In the below script file, https://github.com/intel/intel-extension-for-pytorch/blob/release/xpu/2.5.10/examples/cpu/llm/inference/utils/run_gptq.py stated that it is deprecated and recommended to use INC.

What is the correct approach that we need to use to enable the support for AWQ with IPEX repo?

Config used:

alexsin368 commented 3 days ago

@Pradeepa99 The release notes mention more support for AWQ format support and it seems it is referring to the usage of ipex.llm.optimize where you can specify the quant_method as 'gptq' or 'awq' for the low_precision_checkpoint argument.

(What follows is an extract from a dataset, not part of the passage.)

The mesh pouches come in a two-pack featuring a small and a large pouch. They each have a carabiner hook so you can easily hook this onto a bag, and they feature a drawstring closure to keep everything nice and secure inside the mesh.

Details here: https://intel.github.io/intel-extension-for-pytorch/cpu/2.5.0+cpu/tutorials/api_doc.html#ipex.llm.optimize

Let us know if this helps put you on the right track.

Pradeepa99 commented 2 days ago

@alexsin368

Thank you for sharing this.

I have three questions to get clarified further.

  1. I found this testcase example to load the AWQ format to ipex.llm.optimize API. - Did you mean this approach to integrate AWQ support in ipex.llm.optimize ?

  2. I found this ⁠example for GPTQ, where they use ipex.quantization.gptq to generate the checkpoint for GPTQ. - Do we have any similar API to generate the checkpoints for AWQ format as well?

  3. Currently, I am following the approach mentioned here from ITREX to generate the quantized model.
    File: https://github.com/intel/intel-extension-for-transformers/blob/main/examples/huggingface/pytorch/text-generation/quantization/run_generation_cpu_woq.py - Can we quantize the models in the above method or do we follow any specific approach to quantize the models?